Question 2: At 6-month follow-up on mycophenolate therapy, a lupus nephritis patient has normalized anti-dsDNA titers and normal complement levels, yet continues 2 g/day proteinuria with stable creatinine. What is the most reasonable interpretation?
- Complete clinical remission has been achieved
- Therapy is failing and cyclophosphamide should be added
- Serologic remission achieved but clinical remission incomplete; continue current regimen
- Patient is developing steroid resistance
Correct Answer: C — Serologic remission (normalized serology) does not equal clinical remission (normalized proteinuria and creatinine). Persistent significant proteinuria despite serologic improvement requires continued or intensified therapy. This patient needs reassessment and possibly therapy adjustment.

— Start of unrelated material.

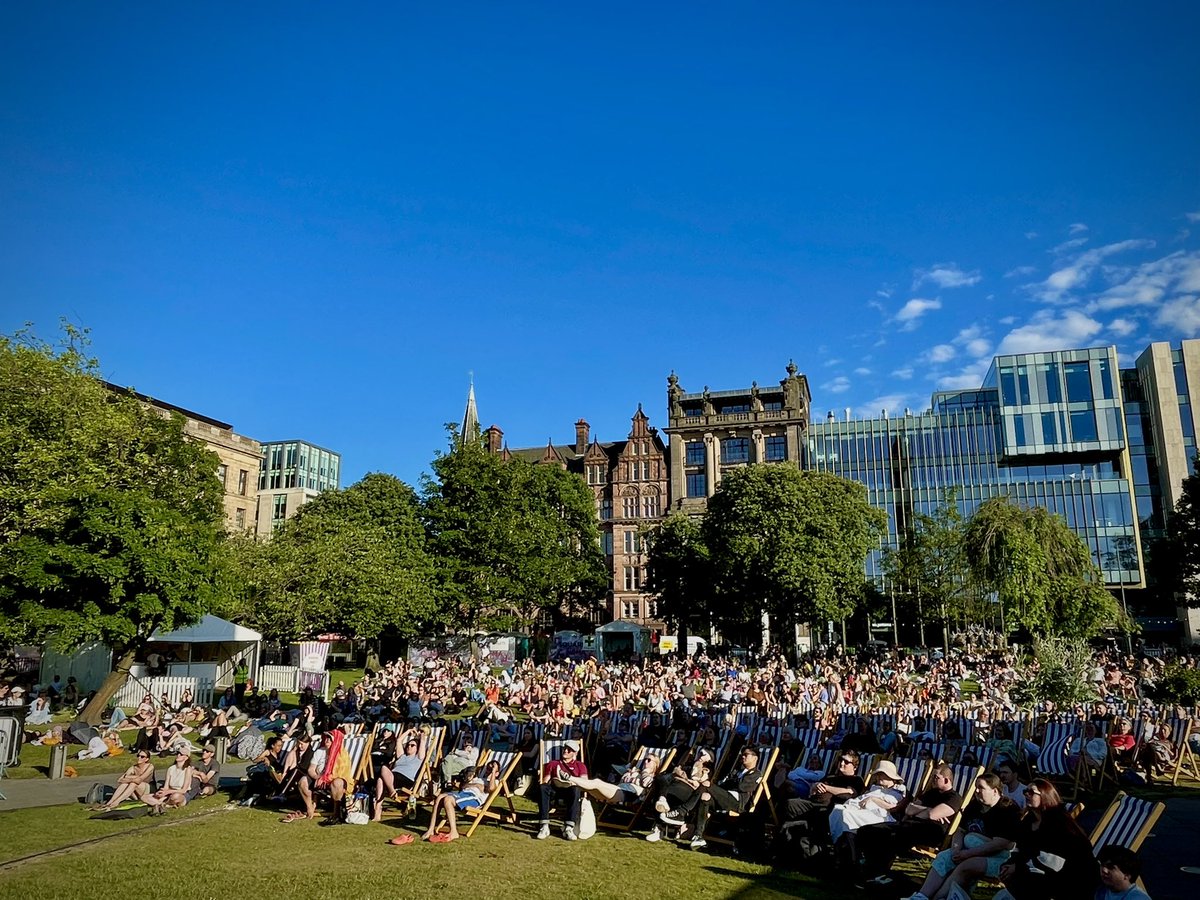 UniqueEventsltd's tweet image. A #SquareCinema full-house for #Elvis in the St Andrew Square sunshine… next-up #Rocketman closes a scorching day of spectacular outdoor cinema from @EssentialEdin @LNER &amp;amp; @Pilgrimsgin 

Come join us… full programme at edinburghcitycentre.co.uk/square-cinema/ #Edinburgh #outdoorcinema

Question 3: Which of the following features is MOST associated with poor long-term kidney outcomes in lupus nephritis?
- Activity index 12/24
- Chronicity index 8/12
- Positive anti-dsDNA antibodies
- Elevated NT-proBNP at baseline
Correct Answer: B — Chronicity index (representing irreversible structural damage) is the most powerful predictor of long-term kidney outcomes. Activity index reflects treatable inflammation, so high activity is actually compatible with good outcomes if remission is achieved. Chronicity reflects permanent damage that cannot be reversed.
Clinical Pearl Summary
- Biopsy findings dictate treatment, not serology alone
- Chronicity > Activity for prognostication
- Serologically quiet disease is NOT mild disease — it reflects tissue-resident pathology
- Hydroxychloroquine is essential for all lupus nephritis patients
- Early diagnosis and rapid immunosuppression prevent irreversible damage
- Repeat biopsy appropriate when clinical response unclear
See Also
Clinical Content (01-Clinical-Medicine/Nephrology)
- Glomerular Diseases Hub
- Essential Renal Laboratory Tests
Butler-COM Resources
- Butler COM - Nephrology Deep Dive
Summary
Lupus nephritis remains a leading cause of kidney failure in young women despite treatment advances. Understanding the distinction between histologic activity (treatable) and chronicity (permanent damage) enables appropriate prognostication. Recognition that 15-40% of cases are serologically quiet prevents dangerous delays in diagnosis and treatment. Modern biologic therapies including belimumab and obinutuzumab expand treatment options and improve outcomes. Early diagnosis, prompt kidney biopsy, and aggressive immunosuppression guided by histology and clinical response remain the cornerstones of optimizing outcomes in this potentially devastating manifestation of SLE.